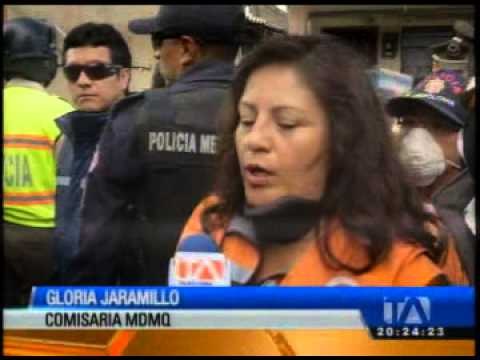 Varias casas fueron derrocadas al norte de Quito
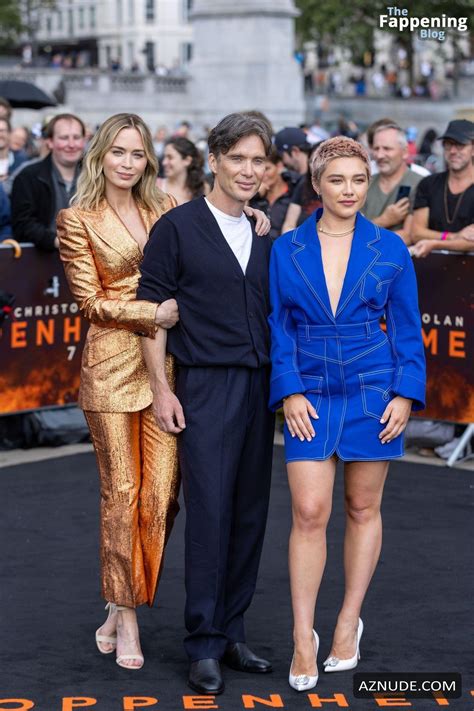 Florence Pugh Flaunts Her Sexy Tits Legs At The Oppenheimer Premiere In London Aznude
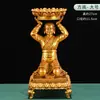 Suporte para Lâmpada de Dharma do Xizang, Base para Lâmpada de Manteiga, Lâmpada Budista para Uso Doméstico, Ornamento de Suporte de Vela Vintage de Lótus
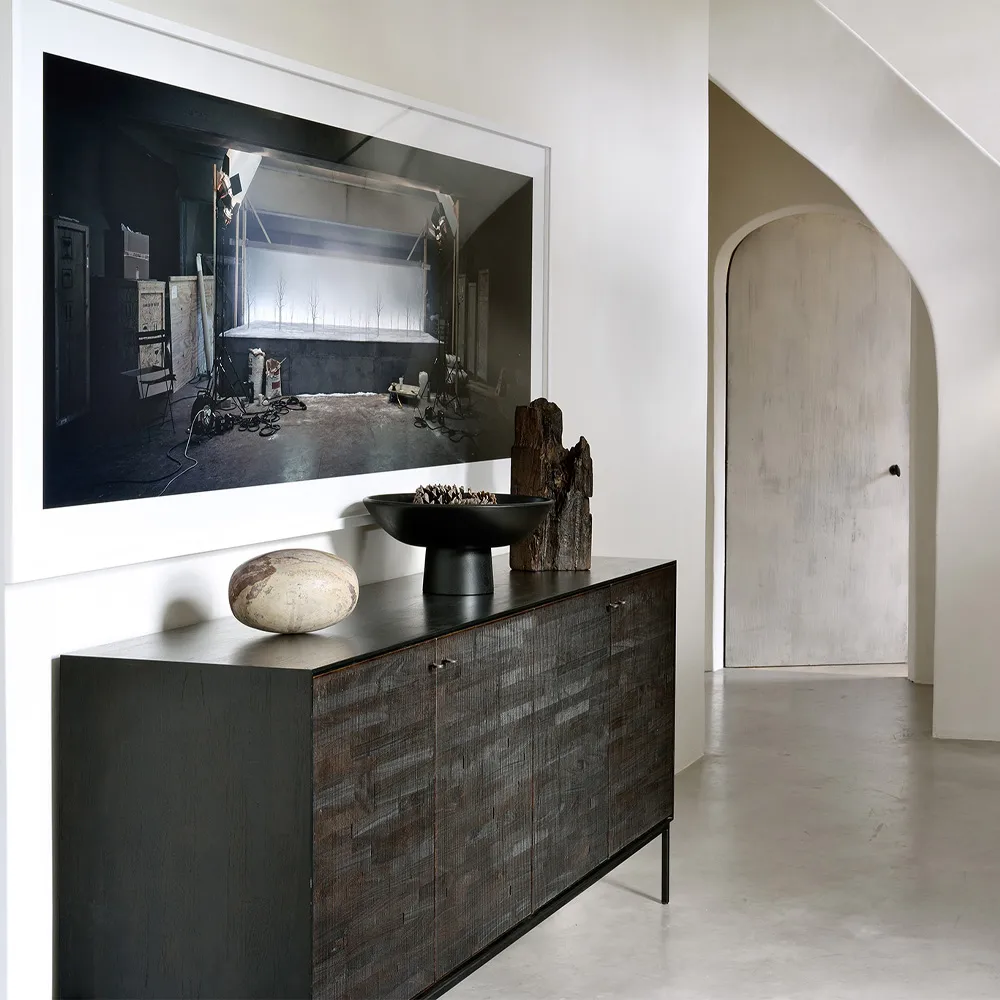 Grooves Siteboard, Black 3 Türen Ethnicraft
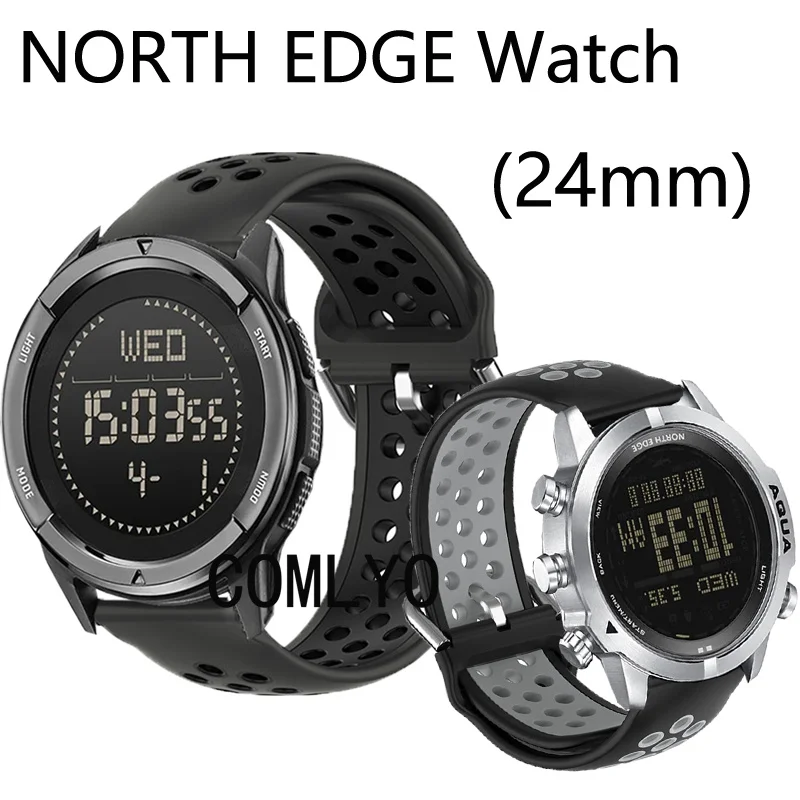 Band For NORTH EDGE ALPS APACHE 3 50MM EVOQUE 2 Strap Smart Watch Silicone Breathable Sports Bracelet Women Men's Belt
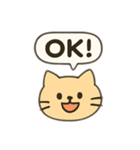 ネコのひとこと・吹き出し付き（個別スタンプ：3）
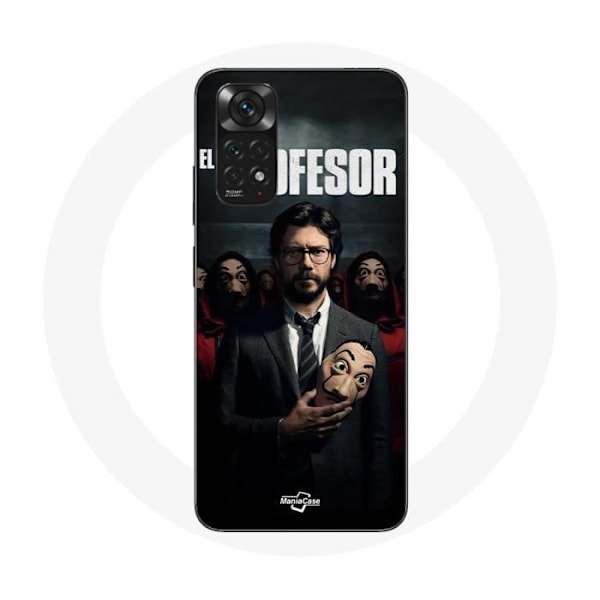 Coque för Xiaomi Redmi Note 11 4G La casa de papel El profesor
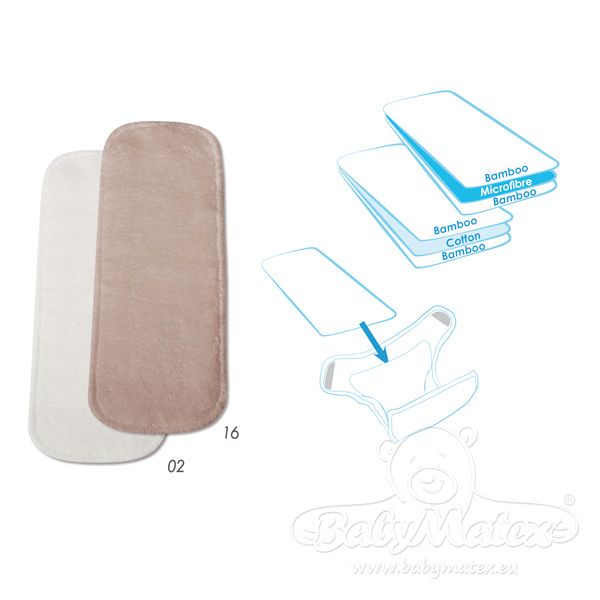 Picture of Washable baby diaper instert BAMBOO 13x34, 3 pcs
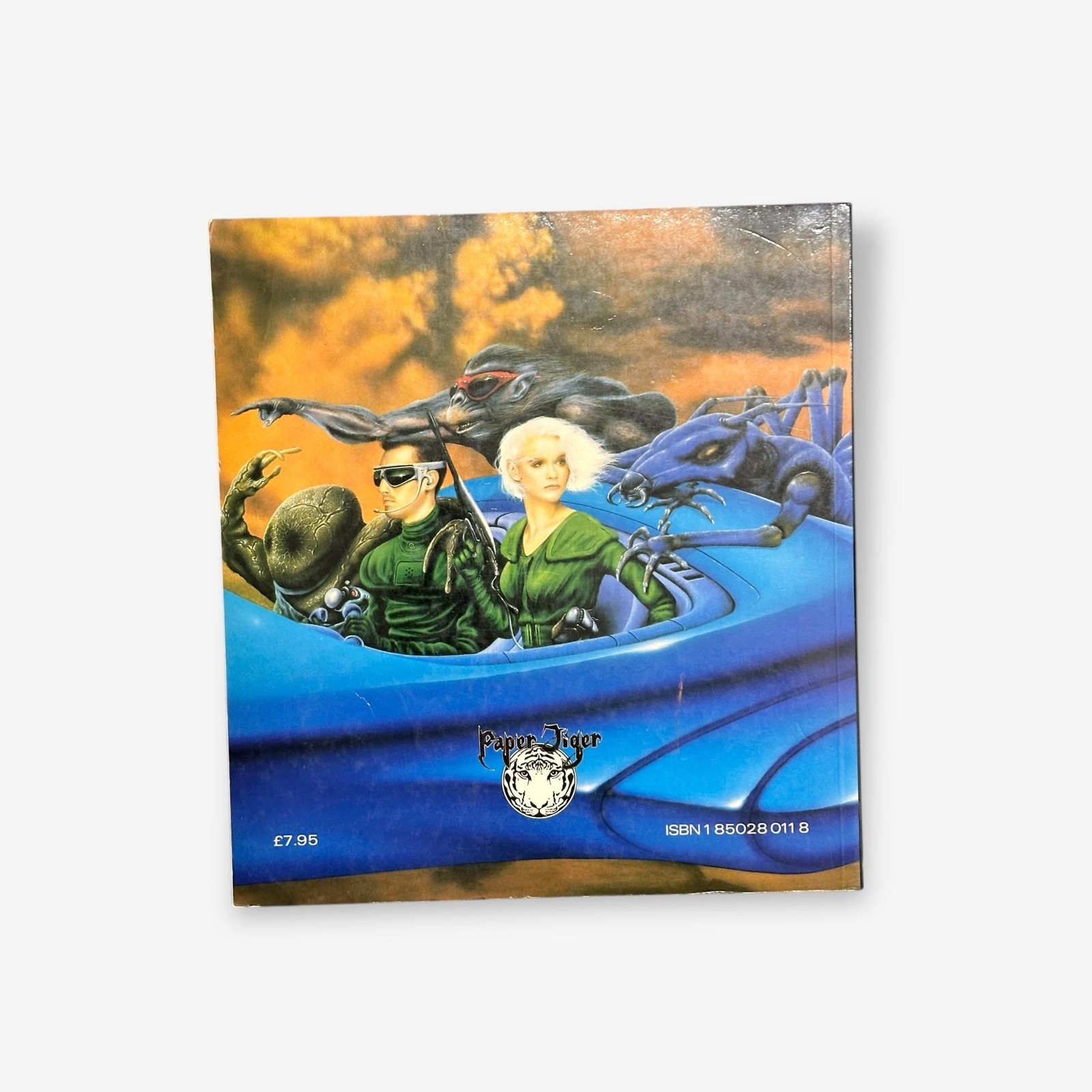 Lightship – Jim Burns: Master Of SF Illustration – Paperback Book 1985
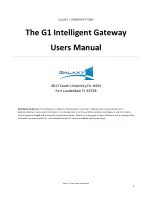 Galaxy 1 G1 User Manual preview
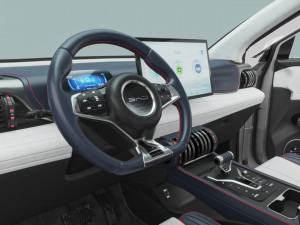 2024 BYD ATTO 3 With Interior Model 3D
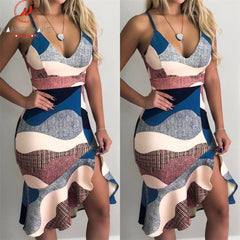 Women Streetwear Trumpet Dress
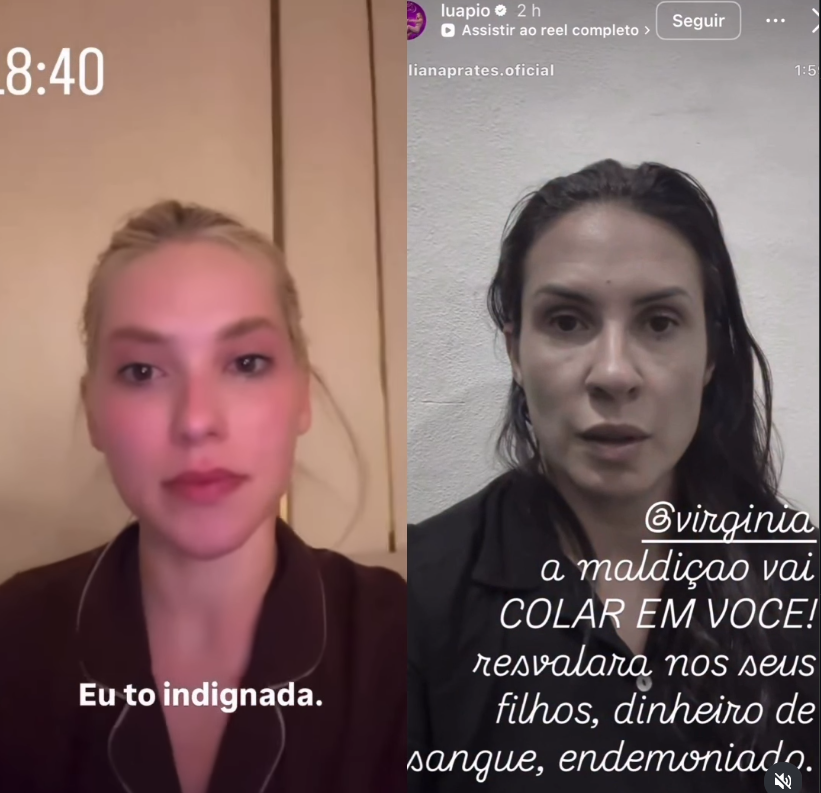 "Chega, cansei", disse a influenciadora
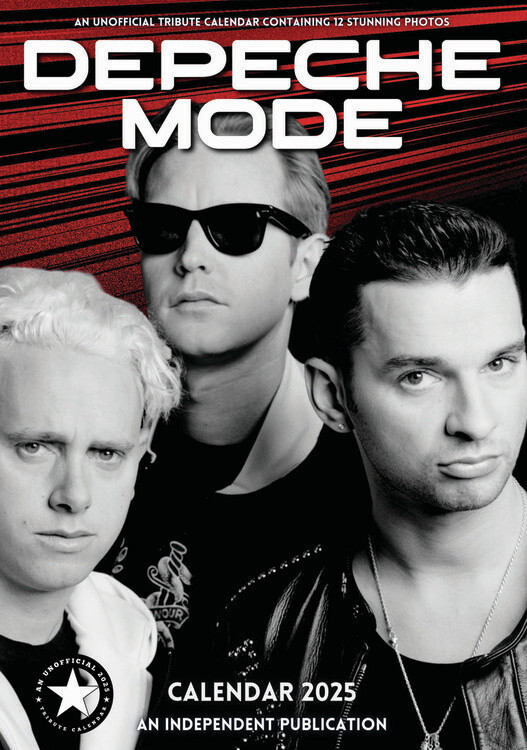 CALLDREAMS Kalendář 2025 Depeche Mode, A3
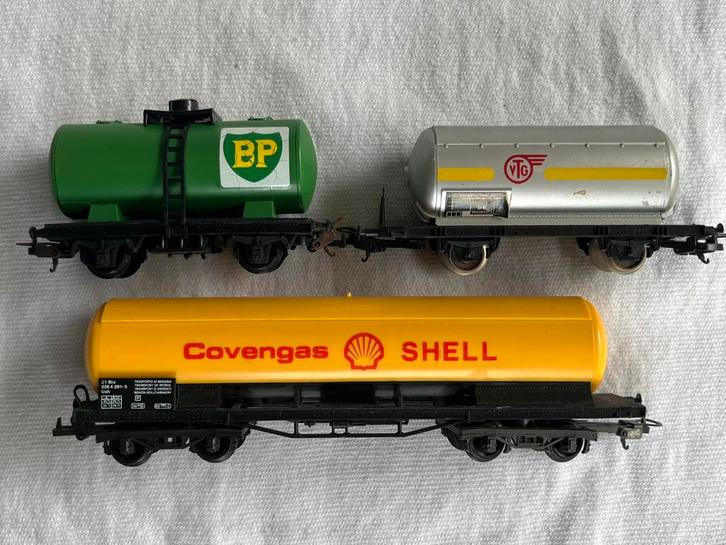 Lima ketelwagons BP/Shell/VTG, Hobby en Vrije tijd, Modeltreinen | H0, Zo goed als nieuw, Gelijkstroom of Wisselstroom, Lima, Ophalen of Verzenden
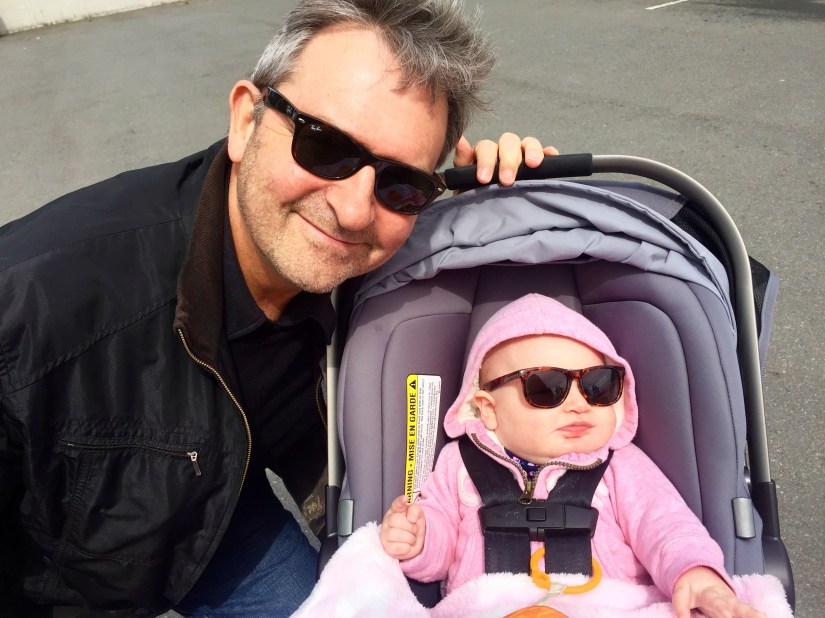 Becoming a Grandparent: Grandpa and Jordyn looki' cool!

● **Exercise requirements**:
Leaving the pictures out, write out every entry exactly.

● **Result of the task**:
 Varias casas fueron derrocadas al norte de Quito
 Florence Pugh Flaunts Her Sexy Tits Legs At The Oppenheimer Premiere In London Aznude
 Suporte para Lâmpada de Dharma do Xizang, Base para Lâmpada de Manteiga, Lâmpada Budista para Uso Doméstico, Ornamento de Suporte de Vela Vintage de Lótus
 Grooves Siteboard, Black 3 Türen Ethnicraft
 Band For NORTH EDGE ALPS APACHE 3 50MM EVOQUE 2 Strap Smart Watch Silicone Breathable Sports Bracelet Women Men's Belt
 ネコのひとこと・吹き出し付き（個別スタンプ：3）
 Coque för Xiaomi Redmi Note 11 4G La casa de papel El profesor
 Picture of Washable baby diaper instert BAMBOO 13x34, 3 pcs
 Lightship – Jim Burns: Master Of SF Illustration – Paperback Book 1985
 Galaxy 1 G1 User Manual preview
 2024 BYD ATTO 3 With Interior Model 3D
 Women Streetwear Trumpet Dress
 "Chega, cansei", disse a influenciadora
 CALLDREAMS Kalendář 2025 Depeche Mode, A3
 Lima ketelwagons BP/Shell/VTG, Hobby en Vrije tijd, Modeltreinen | H0, Zo goed als nieuw, Gelijkstroom of Wisselstroom, Lima, Ophalen of Verzenden
 Becoming a Grandparent: Grandpa and Jordyn looki' cool!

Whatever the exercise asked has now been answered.